Here’s the litmus test for Agravity Boys: it is very much the kind of thing you’d expect from four actual teen boys, meaning it’s preoccupied with sex (including some transphobic jokes, unfortunately), occasionally scatological (there’s a running joke about one character’s hemorrhoids), and generally very dumb. If this sounds off-putting to you, you will probably not enjoy Agravity Boys. If it doesn’t, though, there’s a solid manga somewhere in there. Juvenile or not, it can be genuinely funny, and the art’s quite nice to look at. The characters are rather one-note, but at the end of the day, it’s a gag series. Psychological acuity would probably only hurt it.
Summary: Fuuko Izumo is cursed with a body that brings catastrophic bad luck to anyone who touches her. But for :Andy” — cursed with an inability to die — her power is his lucky break! Together, they’re bringing down the biggest stroke of unluck the world’s ever seen!
I adore this series. Not unconditionally, of course. The art is no better than adequate, and it can be uncomfortably grope-y, especially in the first few chapters. Putting that aside, Undead Unluck might be one of the most intriguing, well-constructed shonen action series I’ve seen in a long time. The powers are simple, highly specific, and used in creative ways reminiscent of Hunter x Hunter or Jojo’s Bizarre Adventure.

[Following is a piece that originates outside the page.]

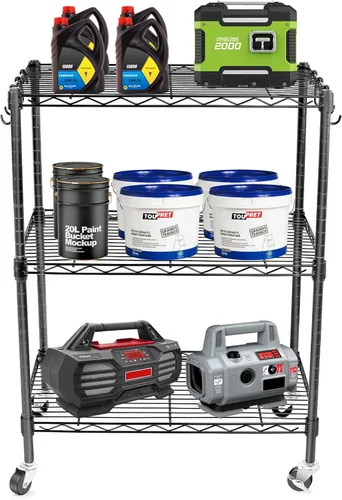 Miniatura 3 de WDT Estantes de almacenamiento de 3 niveles, estantes de metal resistente, estante ajustable con ruedas para el hogar, oficina, garaje, cocina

It’s not just a question of who punches harder. The mechanics of the world are complex and fascinating, unfolding in ways that are both surprising and make perfect sense. The characters are nuanced and charming, their relationships believable. If this doesn’t get an anime, I’ll be surprised; if it doesn’t run to its intended ending, I’ll be heartbroken.
Mashle: Magic and Muscles
Summary: Mash Vandead is born without magic in a world where magic is everything. What he does have: muscles. Now he’s aiming to flex on society by succeeding at magic school and becoming god’s chosen!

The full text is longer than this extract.